Problem to work on ->
Write the full listing out again, word for word, but omit the pictures.

(Records begins)

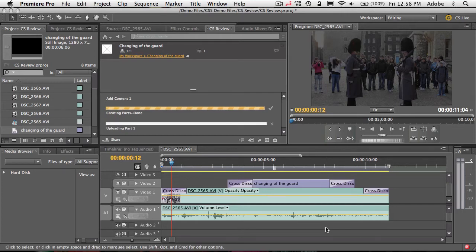Now it's adding that video as part of the review, because a CS Review review can have multiple parts. So I could add things from Photoshop, from InDesign, from Illustrator, or from Premiere Pro in one seamless review that people can take part in online.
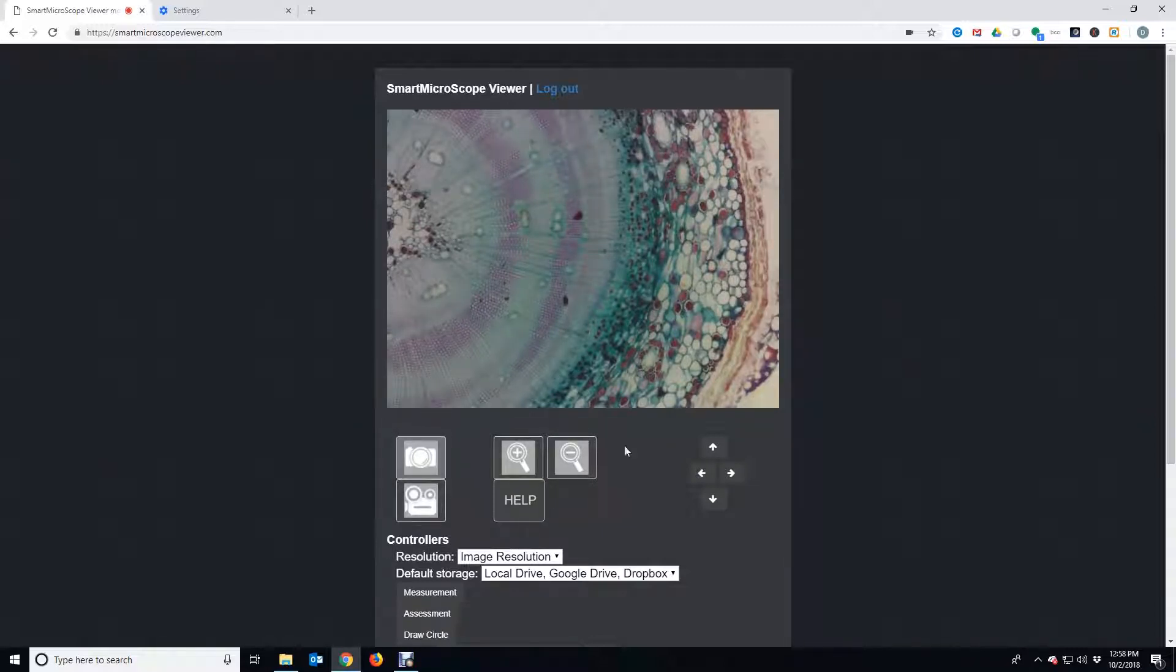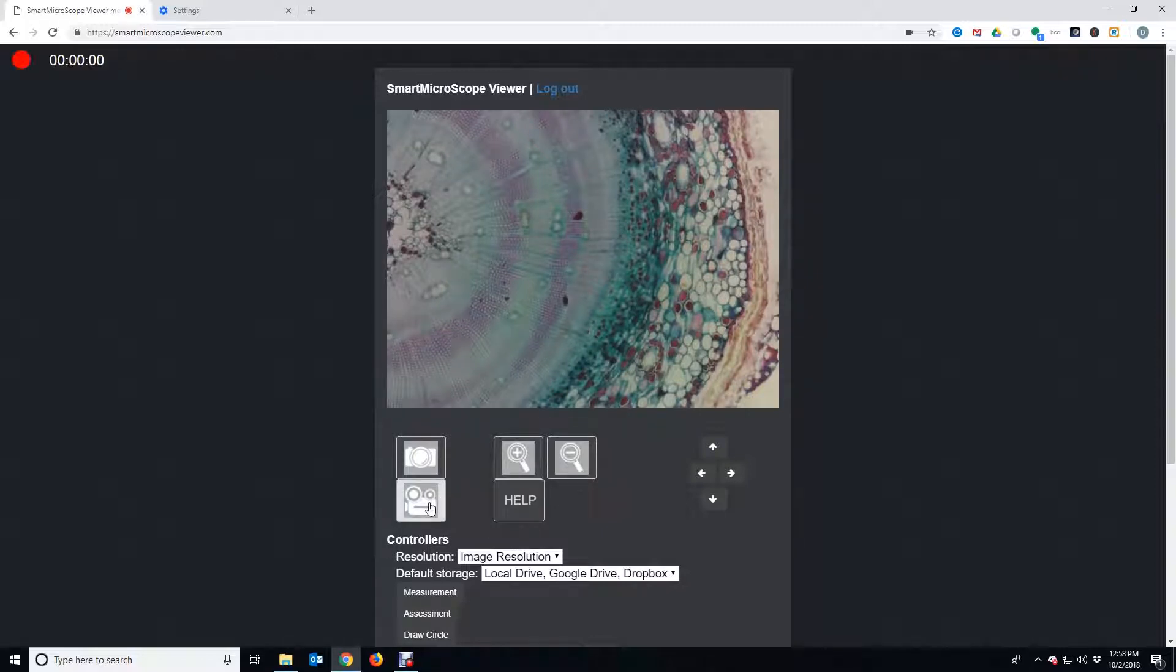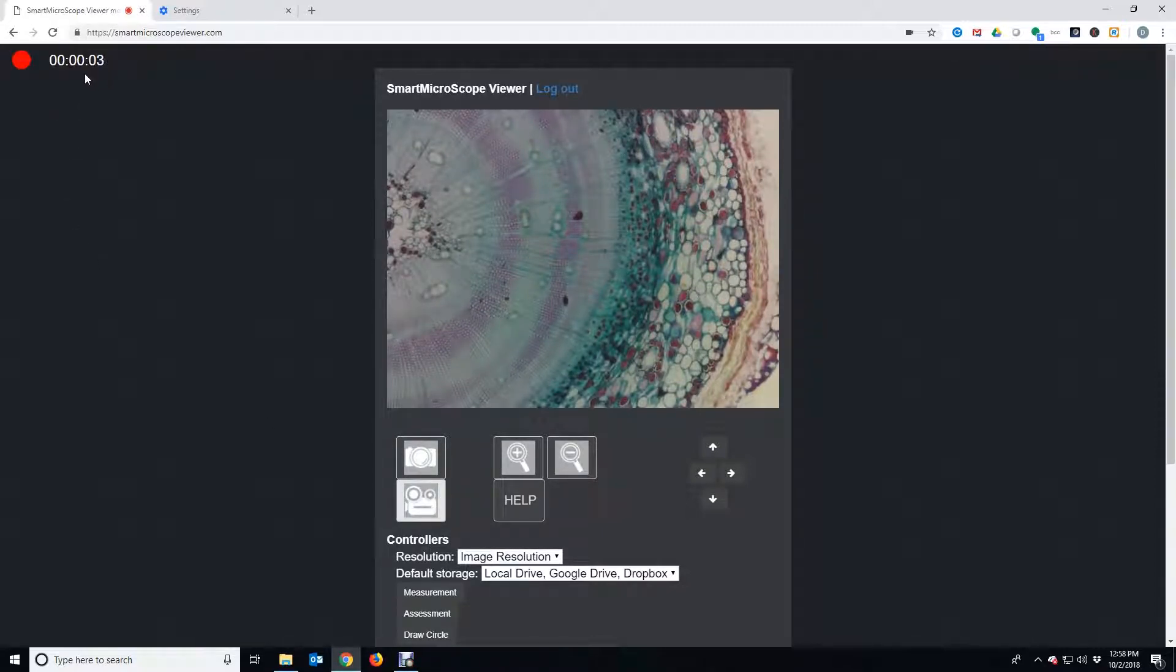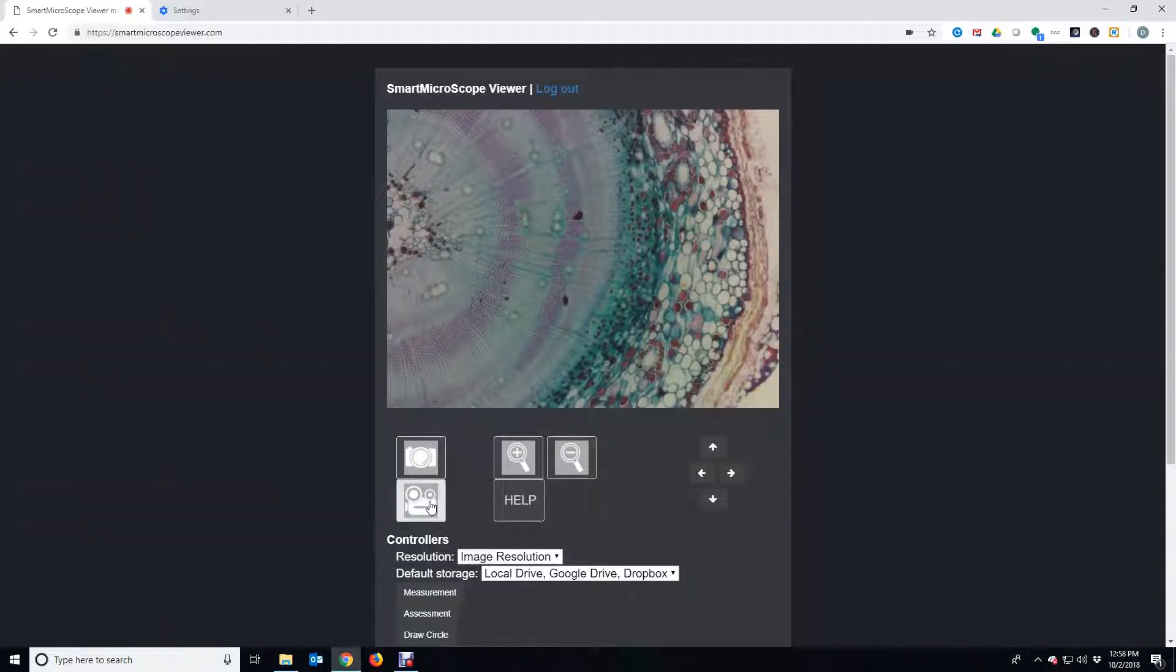You can take pictures and record videos. Notice the timer begins when the video starts and turns off when the recording stops.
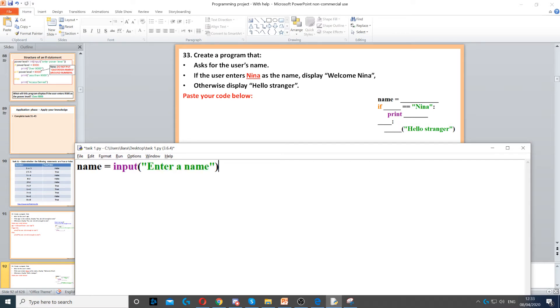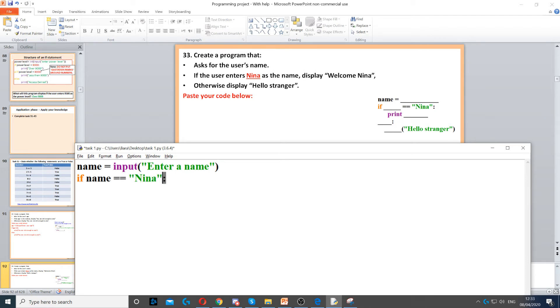After that we need to use an if statement to make a condition. We put if name equals Nina, then use the colon and display welcome Nina.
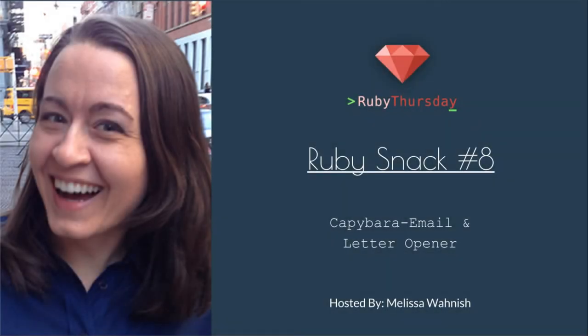Welcome to Ruby Thursday, I'm Melissa Wanish. In this Ruby snack I'll be taking you through using capybara email and letter opener to test your mailers.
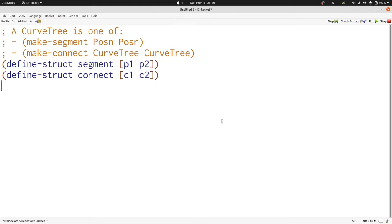Implicitly, the last posn in the left curve tree C1 in a connect is connected to the right posn in the curve tree C2.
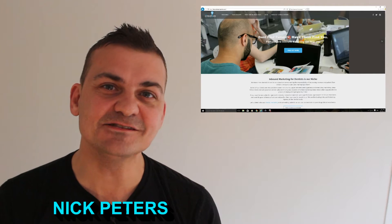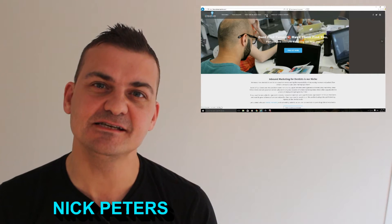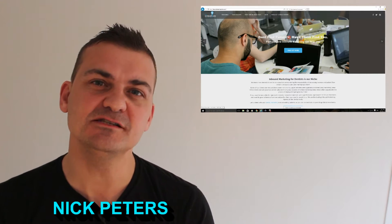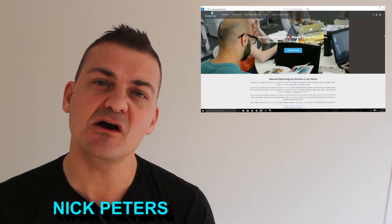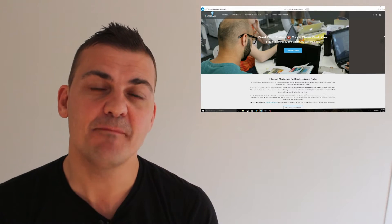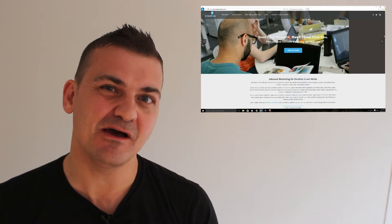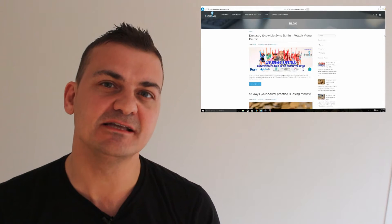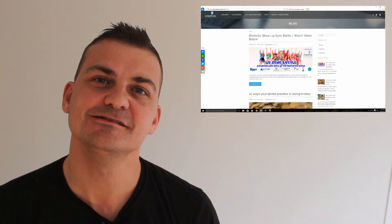Hi and welcome to the Dental Talk Show. I'm your host Nick Peters and on this episode we'll be talking to Hassan, the inbound marketing specialist for the Creative Composite, about search engine optimization and dental marketing that you can implement at your dental practice.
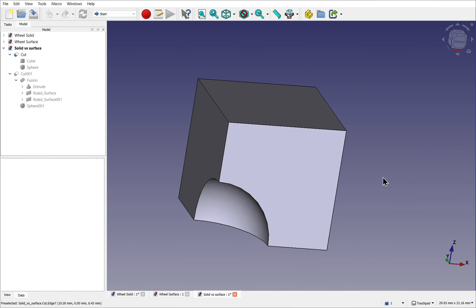When modelling we have many choices of workbenches, but when it comes to 3D objects there are two main choices: Part and Part Design. For the first part of this course we will stick to Part Design, as Part will come later. This is because we're going to be first learning solid modelling.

(Records ends)

Completed task ->
Now it's adding that video as part of the review, because a CS Review review can have multiple parts. So I could add things from Photoshop, from InDesign, from Illustrator, or from Premiere Pro in one seamless review that people can take part in online.
You can take pictures and record videos. Notice the timer begins when the video starts and turns off when the recording stops.
After that we need to use an if statement to make a condition. We put if name equals Nina, then use the colon and display welcome Nina.
Welcome to Ruby Thursday, I'm Melissa Wanish. In this Ruby snack I'll be taking you through using capybara email and letter opener to test your mailers.
Implicitly, the last posn in the left curve tree C1 in a connect is connected to the right posn in the curve tree C2.
Hi and welcome to the Dental Talk Show. I'm your host Nick Peters and on this episode we'll be talking to Hassan, the inbound marketing specialist for the Creative Composite, about search engine optimization and dental marketing that you can implement at your dental practice.
When modelling we have many choices of workbenches, but when it comes to 3D objects there are two main choices: Part and Part Design. For the first part of this course we will stick to Part Design, as Part will come later. This is because we're going to be first learning solid modelling.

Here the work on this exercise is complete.